EMPLOYEE ENGAGEMENT VIA PRO-BONO VOLUNTEERING
Accordingly, companies are embracing this mindset and establishing the strategies and programs to back it up. They want to be long-term partners with their stakeholders and together help determine how to effectively structure their societal engagement and giving programs to deliver more impact.
“We are optimistic about the levels of commitment we see from companies; not only are they continuing to give, but they are also doing so in more strategic and thoughtful ways in partnership with their employees and their communities,” stated Charles Moore, Executive Director, Committee Encouraging Corporate Philanthropy.
CEOs say they want to have a positive impact on society and this is evidenced by several trends. According to the Corporate Giving Standard survey, conducted by CECP in association with The Conference Board, companies are becoming more focused in their societal engagement. They are making fewer grants but with higher dollar amounts (from a median of 78 grants, $31,000 in 2009; 62 grants, $37,000 in 2011). They’re leveraging non-cash assets (product, volunteers or other company assets) and allocating more concentrated funding to selected program areas (more than 31% of companies gave 50 percent or more to one program area, and 81% of companies gave 20% or more in education or health and social services).
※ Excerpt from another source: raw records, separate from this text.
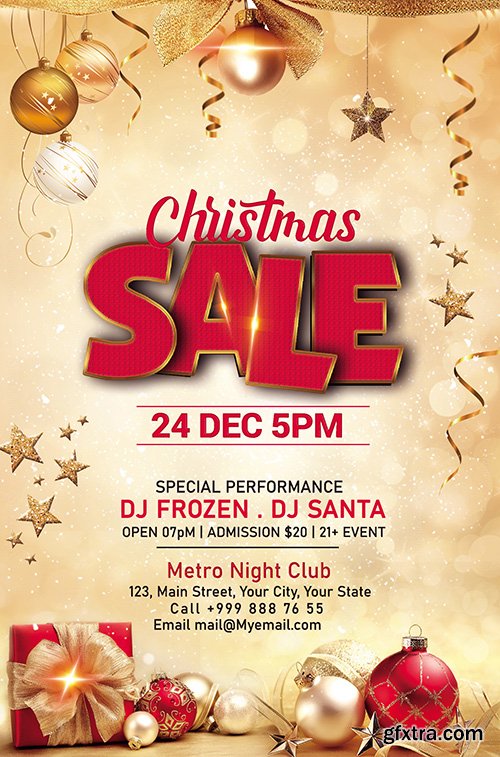 Golden theme Christmas Sale Flyer psd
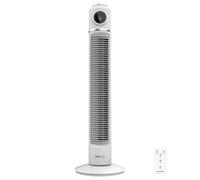 Cecotec - Ventilatore a torre EnergySilence 1090 Skyline Retro Smart White da 81 cm, 40 W, display LED, touch e telecomando, 3 velocità, 3 modalità, timer 12 ore e oscillazione 72º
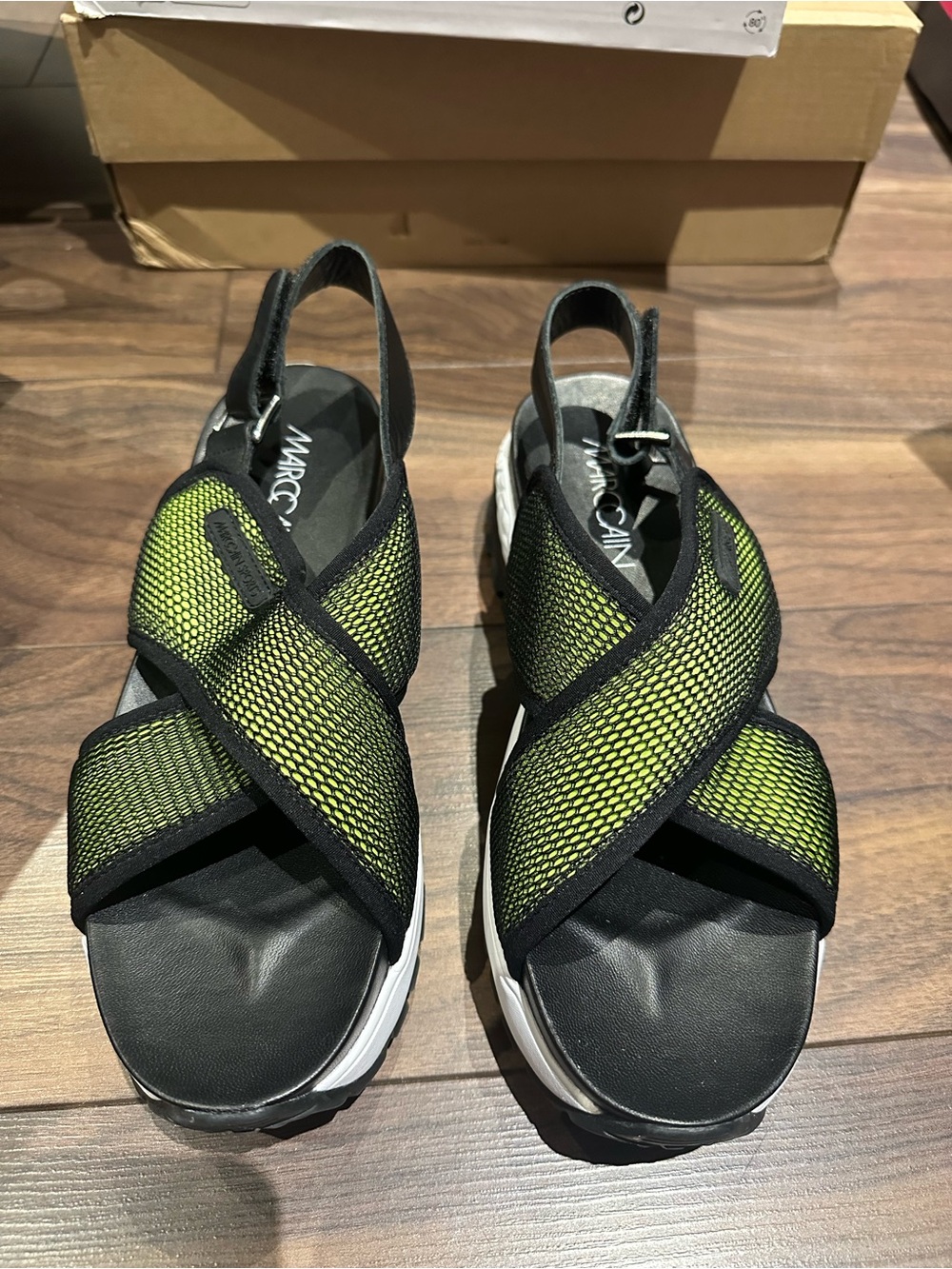 Marc Cain Black and Lime Green Sport Sandals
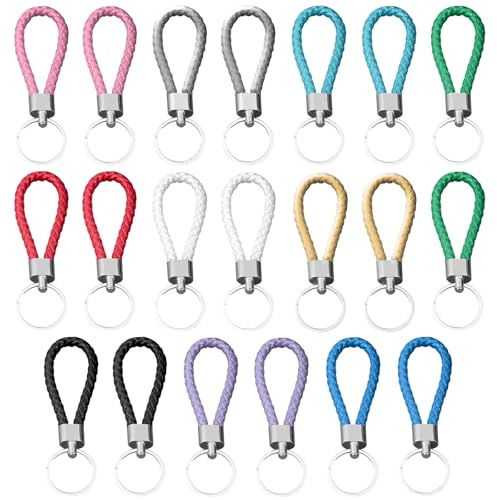 EUPSIIU 20 Piezas Llavero de Cuero Trenzado Coche, Llavero de Correa Trenzada Hecho a Mano para Colgar Llaves de Coche, Correa de Cuero Cuerda Llavero para Coche, Moto, Bicicleta y Llavero de Casa (Co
As companies are looking to engage employees in how their business gives back, they’re tapping into the skills and resources that are the core of the company. Businesses have been paying a lot of attention lately to crafting employee engagement programs that reflect what employees care about and that can be seen as an employee benefit. As a part of these programs, companies are instituting policies such as matching gifts programs, payroll deductions for nonprofits, employee days of service and disaster relief campaigns, to name a few. Skills-based volunteering is often a centerpiece of all of these initiatives, one which delivers high impact to employee and nonprofit alike.
Effective pro-bono initiatives feel authentic, springing naturally from an alignment between employee interests, community needs and company programs. When all of the pieces are in place, skills-based volunteering programs yield tremendous benefits. Employees gain leadership training, job skill development and internal networking beyond the highly valued community service experience. According to a study on skills-based volunteering by True Impact, skills-based volunteers are 142% more likely to report job-related skills-gains than traditional volunteers, 47% more likely to report high satisfaction from volunteering than traditional volunteers, and 82% more likely to report that volunteerism generated new recruits for their company versus traditional volunteers. And from the nonprofit point of view, pro bono and volunteering of skills and talents can be as much as 500% more valuable for nonprofits.
In tough times, companies look for every competitive edge they can get. It’s refreshing when bottom-line advantages so clearly align with community advantages as well.